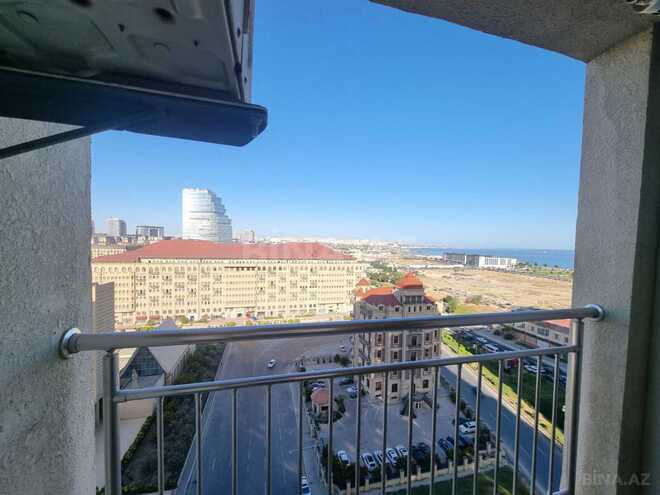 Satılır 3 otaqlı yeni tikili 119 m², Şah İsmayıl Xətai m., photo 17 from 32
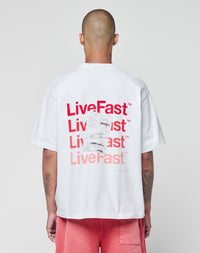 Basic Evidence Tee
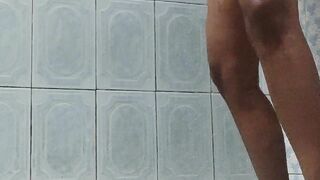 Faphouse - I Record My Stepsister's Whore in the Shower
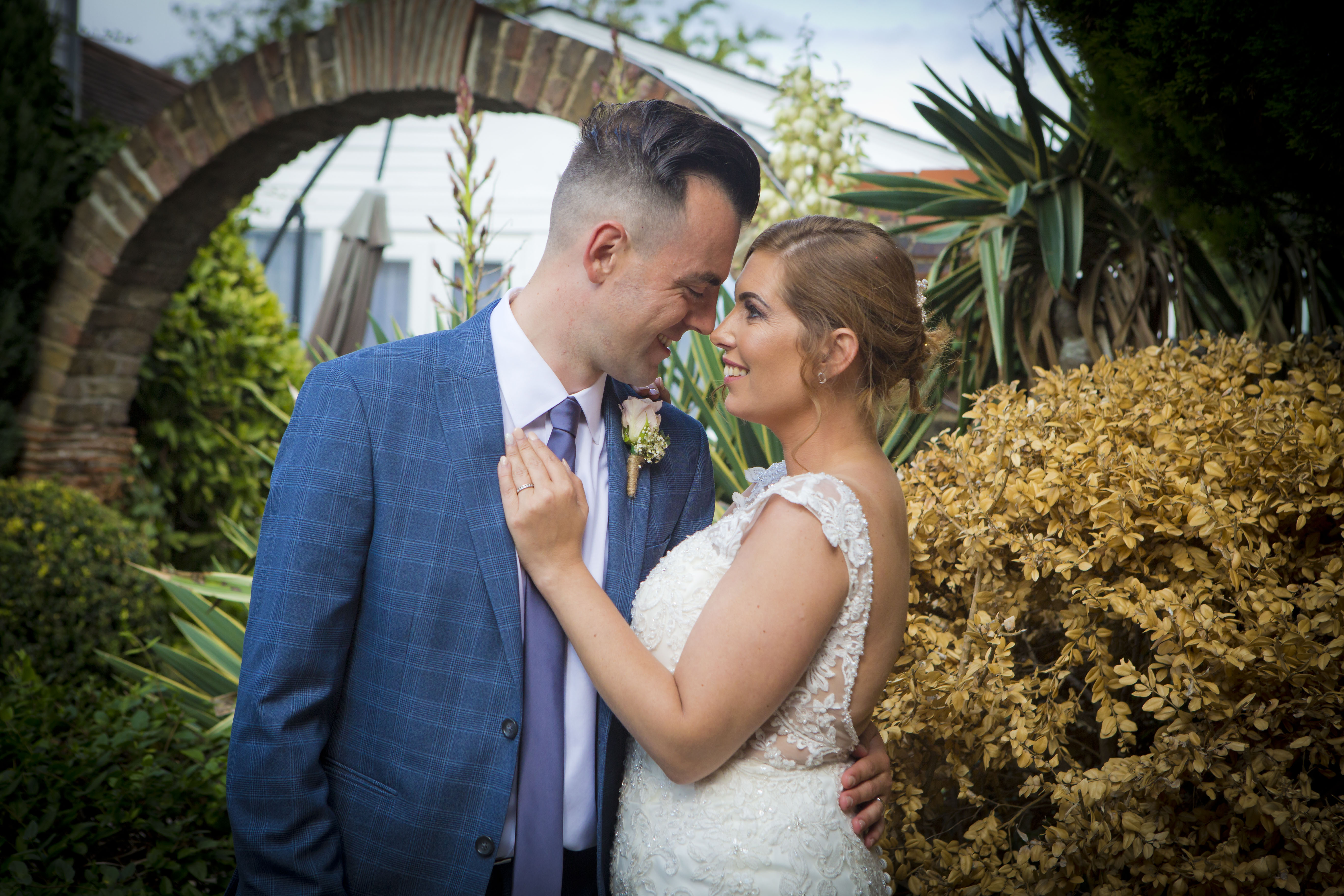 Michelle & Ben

------------------------------------------------------------

* [Task to carry out]: A verbatim copy of the listing is required, with all pictures left out.

* [Expected answer]:
 Satılır 3 otaqlı yeni tikili 119 m², Şah İsmayıl Xətai m., photo 17 from 32
 Basic Evidence Tee
 Faphouse - I Record My Stepsister's Whore in the Shower
 Michelle & Ben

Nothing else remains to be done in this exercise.